The expansion tool 101 may be started at either the bottom or the top of the casing string depending on the tool design and the application. Radial expansion may be performed at rates of, for example, 25 to 60 feet per minute. Other expansion processes, such as expansion under localized hydrostatic pressure, or “hydroforming,” are known in the art, but are generally not used as much as cold-forming expansion processes. Other expansion tools for cold-forming the casing also exist. Various tools exist for use in cold-forming expansion processes.
A common problem with radial expansion of casing is that the connections can be damaged during the expansion process. Part of this damage is because the connections are stressed during make-up to ensure that the connections remain made-up while being installed in the wellbore. The additional stress experienced by the connections during radial expansion can cause the connection to fail. Typically, it is the box member that splits. Even if complete failure does not occur, connections may lose the ability to form a hydraulic seal. Connections that utilize metal to metal seals or thread sealing can lose the ability to seal after the deformation caused by radial expansion.
While various expansion methods, in particular the tapered expansion tool method, have proven to work quite well on casing strings, the expansion of made-up threaded connections can result in structural sealing problems. Threaded connections that undergo radial plastic expansion have a tendency to exhibit a non-uniform axial elongation and react differently to residual hoop stresses remaining after expansion. Specifically, male (pin) threaded members and female (box) threaded members deform differently during radial expansion. The box member will generally move away from the pin member during radial expansion. This is due in part to the relief of residual stress in the connection that exists from the make-up of the box member with the pin member. The radial movement of the box member from the pin member relieves some of the residual stress. This differential displacement phenomenon can result in a loss of preload in axially-engaged seals, making the use of conventional metal-to-metal seals (including, for example, shoulder seals) problematic for plastically radially expanded casing and tubing.

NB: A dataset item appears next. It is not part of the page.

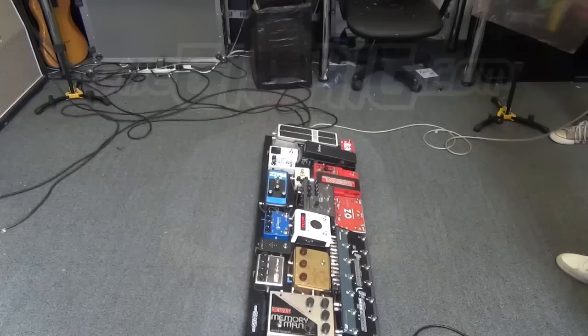Hey guys, Daniel here from the Gig Rig, and today we're building Ed O'Brien from Radiohead's Pedal Board. More from Ed later, but for now let's get started.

One of the more successful thread-forms for expandable casing applications is the wedge thread. One reason that wedge threads are a suitable thread-form for expandable casing applications is that they may not make-up against a radial torque shoulder (i.e. a positive stop), but instead typically make-up by nearly simultaneous contact of thread load flanks 209 and stab flanks 208. During the expansion process, axial stress in the connection will often cause a radial torque shoulder to fail when the compressive stresses at the shoulder exceed the compressive yield strength of the casing material. The advantages of a wedge thread are independent of the thread form used. When a dovetail-shaped or another closed thread form is used for the wedge thread, the wedge thread will also resist radial forces during and after expansion, which might tend to separate the pin connection from the box connection. An open thread form for the wedge thread may also be used, such as that taught by U.S. Pat. No. 6,578,880 B2, issued to Watts, and incorporated herein by reference.
As discussed above, the additional stress experienced by a connection during radial expansion can cause the box member to fail, or cause the connection to lose the ability to form a thread seal or metal to metal seal. The structural integrity and sealing ability of a connection are still needed after expansion. Thus, preventing the damage to the connection and providing a thread seal after expansion are highly desirable goals. Designing a connection for the purpose of being radially expanded could prevent failure of the box member and potentially maintain a thread seal.